O texto prevê que os estabelecimentos comerciais devem observar “relação a ser elaborada pela Agência Nacional de Vigilância Sanitária (Anvisa)” posteriormente para a venda dos medicamentos, mas não traz nenhuma regulamentação.
O projeto que transforma a medida provisória em lei será encaminhada à sanção da presidente Dilma Roussef. Mas até senadores aliados do governo criticaram a MP. Ex-ministro da Saúde, o senador Humberto Costa (PT-PE) pediu que a presidente não sancione o artigo e disse ainda que a tendência de Dilma é de vetar o projeto.
A autorização foi incluída em um texto originalmente encaminhado pelo governo ao Congresso que previa a desoneração das contribuições sociais sobre produtos destinados a portadores de deficiência e do IPI nas operações de compra de veículos automotivos para os portadores de deficiência.

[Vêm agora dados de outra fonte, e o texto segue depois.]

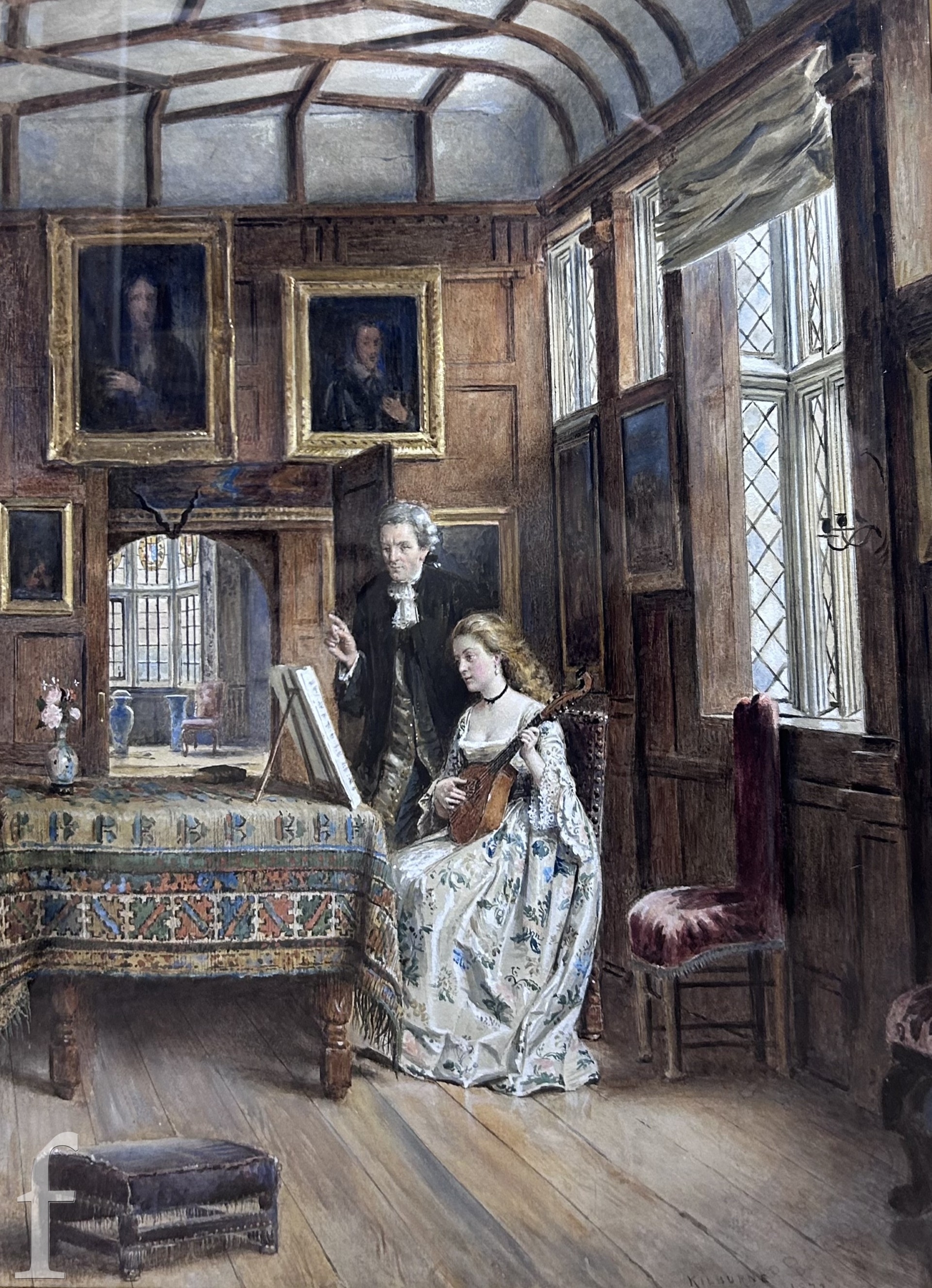 George Goodwin Kilburne | The Music Lesson (1872) | MutualArt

Além dos medicamentos, a MP traz outros dez assuntos que não têm ligação com o seu objeto principal. Irritada com o excesso de “contrabandos”, a oposição reagiu.
Como os oposicionistas não são contrários à isenção fiscal de produtos para deficientes físicos, acusam o governo de ter se aproveitado de um tema consensual para incluir outros assuntos.
Nos EUA, remédios que não precisam de prescrição como analgésicos, antitérmicos, antialérgicos e laxantes, podem ser encontrados em supermercados e até em lojas de conveniência. No Reino Unido, esses medicamentos também podem ser vendidos em mercados.
A Associação Brasileira de Redes de Farmácias e Drogarias (Abrafarma) criticou a aprovação.